Hoje, Celso e Marcela comunicam-se mais. Ele aposta que se fazer presente no rol de notificações dela com regularidade é um compromisso que pode cumprir e gera resultados. “Um mecanismo de resgate de questões perdidas”, a emoção vem à tona, quando diz o seguinte: “Tô buscando uma garantia que ela não vá chegar num dia pra mim e dizer ‘eu não quero mais te ver, seu merda’. Eu recorro ao histórico e me conforto de uma cobrança constante”.

A esta altura, talvez seja importante esclarecer uma confusão corriqueira: emoji não é a mesma coisa que emoticon.

Junção de duas palavras de língua inglesa (emotion + icon), este último é formado por um conjunto de caracteres tipográficos, como ;-) e :-p sugerem se forem lidos com o pescoço inclinado para a esquerda. Essa linguagem foi inventada bem longe do Japão, na Pensilvânia, Estados Unidos, mais precisamente na Universidade Carnegie Mellon. Em 1982, um desafio de física havia sido lançado aos pesquisadores de Ciência da Computação, como era comum que acontecesse entre os acadêmicos da área. Dizia assim: “Um elevador tem uma vela acesa presa na parede e uma gota de mercúrio no chão. O cabo do elevador se rompe e ele cai. O que acontece com a vela e o mercúrio?”. Um dos colegas espalhou uma resposta brincalhona: “ATENÇÃO! Devido a um experimento de física recente, o elevador mais à esquerda está contaminado com mercúrio. Há também um dano superficial causado por fogo. A descontaminação deve ser concluída até 8h de sexta-feira.”

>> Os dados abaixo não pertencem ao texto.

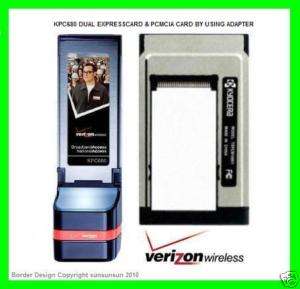 VERIZON KPC680 LAPTOP EXPRESS/PCMCIA DUAL AIR CARD wBox  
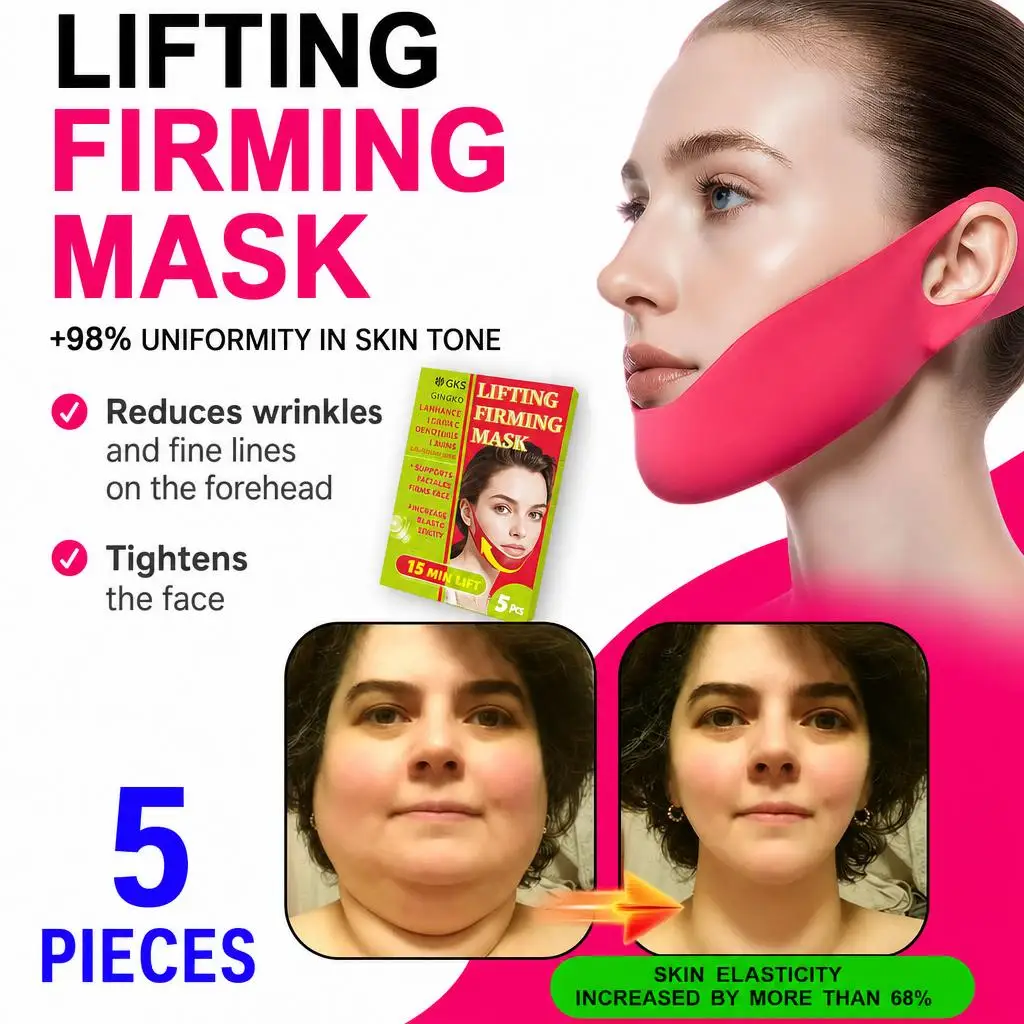 Reusable face slimming mask - women's double chin lifting, facial massage, cheek lifting, facial skincare and beauty, daily care tool - V-shaped face shaping
Reusable face slimming mask - women's double chin lifting, facial massage, cheek lifting, facial skincare and beauty, daily care tool - V-shaped face shaping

Era uma ironia, que até fazia sentido para quem estava com a cabeça no desafio lógico, mas alguns acreditaram que havia, mesmo, um elevador interditado. Alguns dias mais tarde, o professor Scott Elliot Fahlman escreveu aos colegas, pela precária rede interna de computadores ASCII:

Eu sugiro a seguinte sequência de caracteres aos engraçadinhos:

:-)

Leiam de lado. Na verdade, provavelmente seja mais econômico marcar as coisas que NÃO são piada, dados os acontecimentos recentes. Para estas, usem

:-(

A mensagem foi enviada dia 19 de setembro de 1982, às 11h44. Scott tinha 34 anos e entregava ao mundo o smiley (sorriso, que também teria a versão :) sem nariz), uma semente linguística despretensiosamente universal. Scott é, reconhecidamente, o pai e precursor do emoticon no ambiente computacional. Mas é igualmente verdade que esse professor nem pensava em existir quando chegava às ruas de Nova York a novíssima edição nº 212 da revista “Puck”, um século antes do episódio da vela e do mercúrio no elevador. Puck foi a primeira revista de sucesso a publicar cartuns e charges coloridas sobre questões políticas nos Estados Unidos, a maior parte do tempo com mais de 30 páginas e tiragem semanal. A primeira impressão rodou em 1871, com versões em inglês e alemão, e muitos administradores diferentes cuidaram dos negócios até a última edição, 47 anos mais tarde. Pois, na Puck nº 212, a coluna do meio da página 65 traz o seguinte:

“Por medo de surpreender o público, daremos apenas um pequeno exemplar das realizações artísticas ao nosso alcance. (…) Os seguintes são dos Estudos em Sentimentos e Emoções”, ironiza o primeiro artigo da seção “Arte Tipográfica”, cuja data de capa é 30 de março 1882. Bum! Aqui está o real nascimento dos emoticons. Revisemos o conceito: um conjunto de caracteres tipográficos — só que verticais e feitos à mão, com linotipo. Não há dúvidas, encontramos o âmago.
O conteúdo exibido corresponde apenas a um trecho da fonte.